Smintheus provides a good background on Bush’s Executive Order to gut PFIAB (h/t scribe).

On Friday afternoon the White House posted without fanfare a new Executive Order that revamps an important though little known intelligence board. There are a few minor changes, but the most radical revision appears to be that the board has now been stripped of nearly all its powers to investigate and check illegal intelligence activities. It’s difficult to see what legitimate reasons there could have been for gutting the oversight activities of the board in this way, and the WH has not explained the changes.

[snip]

The newly revised IOB is much more passive. Gone is the duty to review agency guidelines regarding illegal intelligence activities. Gone is the duty to hold accountable the intelligence watchdog offices, such as inspectors general, who are supposed to serve as a bulwark against illegal activities.

Gone is the duty ("shall…forward") to take illegal activities directly to the Attorney General.

I wanted to add just a few details of context.

First, recall that the referrals by IOB–and the absence of any response to such referrals–got Alberto Gonzales in trouble.

In 2005, Gonzales had assured Congress there were no violations of privacy associated with the PATRIOT Act. But last year it became clear that Gonzales received reports of at least six violations.

As he sought to renew the USA Patriot Act two years ago, Attorney General Alberto R. Gonzales assured lawmakers that the FBI had not abused its potent new terrorism-fighting powers. "There has not been one verified case of civil liberties abuse," Gonzales told senators on April 27, 2005.
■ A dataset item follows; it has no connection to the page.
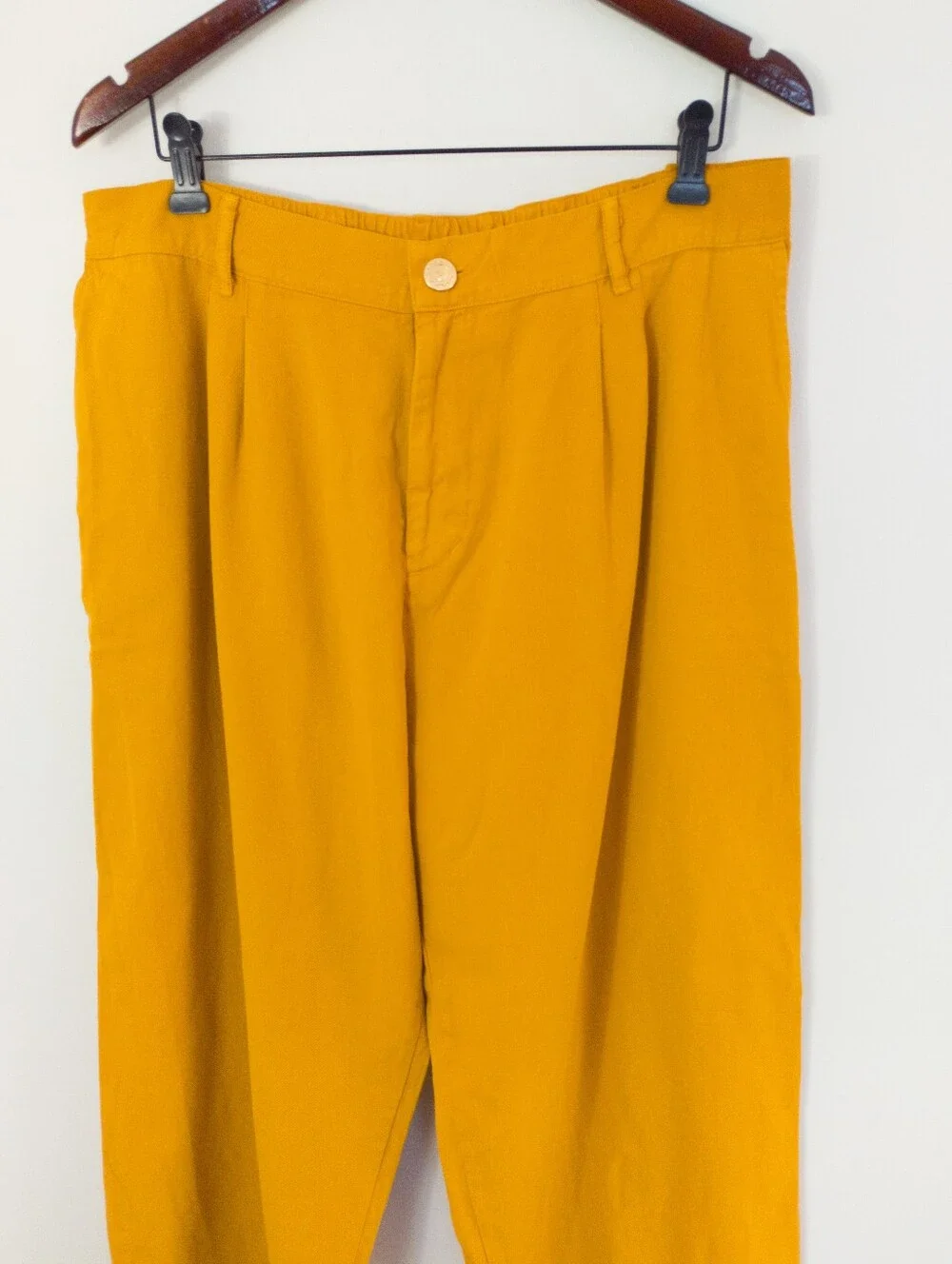 Big Bud Press Mustard Heavyweight Pleated Trousers Pants XL Cotton - Picture 2 of 10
Six days earlier, the FBI sent Gonzales a copy of a report that said its agents had obtained personal information that they were not entitled to have. It was one of at least half a dozen reports of legal or procedural violations that Gonzales received in the three months before he made his statement to the Senate intelligence committee, according to internal FBI documents released under the Freedom of Information Act.

When cornered on his lie, Gonzales invented some mumbo jumbo about how violations that get reported to the IOB aren’t really violations.